Today was the first Sunday of Advent. I love the way the Church year starts four weeks before Christmas. Christmas in our culture starts right after Halloween, then there is Black Friday, Small Business Saturday and Buy Online Monday and then only 20 some shopping days til Christmas. Christmas is reduced to what am I buying and getting. We miss the point.

I was reminded today of Light as we lit the first advent candle. The daylight hours are shorter. But, at Christmas the daylight starts increasing again. Again, it happens over and over. So do the lights that decorate the houses in our neighborhood. The Christmas inflatables are out in the front yards and the manger scenes in front of the churches. I saw one leaning against the building as if the Holy Family was tired of all their appearances or just not ready for Christmas Eve yet. Those scenes are part of our cultural mythology of Christmas, too. No one knows for sure when Jesus was born, or how many wise men came, or if Jesus was born in a cave, or a stable or the guest room of a house (where the animals were brought in at night). The birth of Jesus was not celebrated by Christians for a long time. Mark and John barely mention it. It was the cross and resurrection that were the focus of the gospels, the last week of Jesus gets the most attention by far. Good Friday and Easter today hardly get noticed other than it's around the start of Spring Break. Christmas is for buying and getting. Funny, how we give each other gifts to celebrate the birth of Jesus. We storm the malls to get the best buys for ourselves and others. We miss the point.

We talked about hope today as we lit the first advent candle. Where are signs of God's hope in our lives today? we asked. Once we got rolling they were seen as plentiful. But, it helps to slow down, focus attention, and look for them. We prayed too for the hopeless but it helped to know hope is present.

The scripture reading for the first Sunday of Advent was from Matthew 24. Jesus was talking about his coming again and said how no one knew when that would be. It would be a surprise in the night like when a thief breaks into our house when we are sleeping. I couldn't help but think about how many times in churches I heard sermons trying to nail down that date. Telling us to be ready, repent, look to the future, live holy lives. You don't want to be left behind when the rapture comes. I remember seeing those pictures of driverless cars crashing into other cars because the driver was "taken up to heaven".  You gotta be ready although it was never really clear how that happened. The pastor showed a picture of people floating up to heaven - the rapture - and even though I don't see it that way any more I had a knot in my stomach. I had been intimidated often enough by the threat of being left behind. God's word of gospel hope though is not threatening. It's not about who will be left but who will be right. Right with God and that has been taken care of in Jesus, the anointed one, whose birth we celebrate in December. God is going to break into this crazy, messy, hopeless world once more - IN A BIG WAY - and rescue us when we least expect it. Whether we are ready or not. What we need to be is watching. Which is hard to do when we are shopping for gifts all the time.

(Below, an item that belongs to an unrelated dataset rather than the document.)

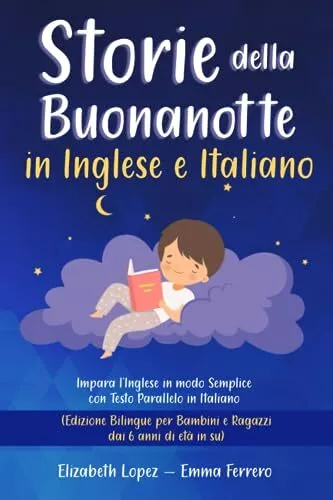 Storie della Buonanotte in Inglese ..., Lopez, Elizabet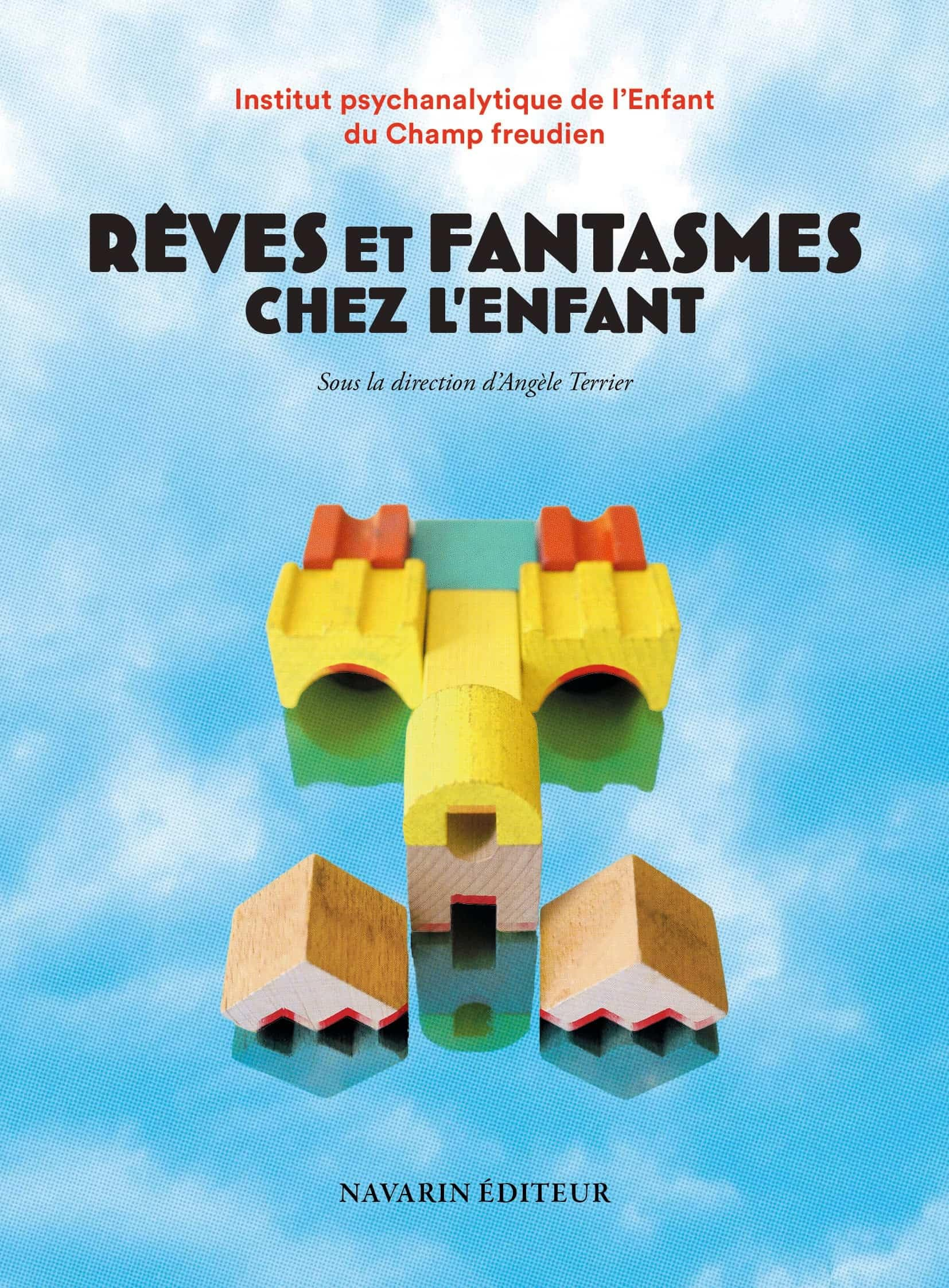 Rêves et fantasmes chez l'enfant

Ezekiel 38 and 39 talk about Gog and Magog which the prophecy teachers who came to my churches in my youth stood on their heads trying to make sense of what countries they represented today so they could explain how close we were to that day of Christ's coming. Robert Jenson comments that Gog and Magog are symbols of sheer violence and when the darkness is most extreme God shows up and is the Victory for us.  Gospel hope wins out. That's what the Bible keeps telling us.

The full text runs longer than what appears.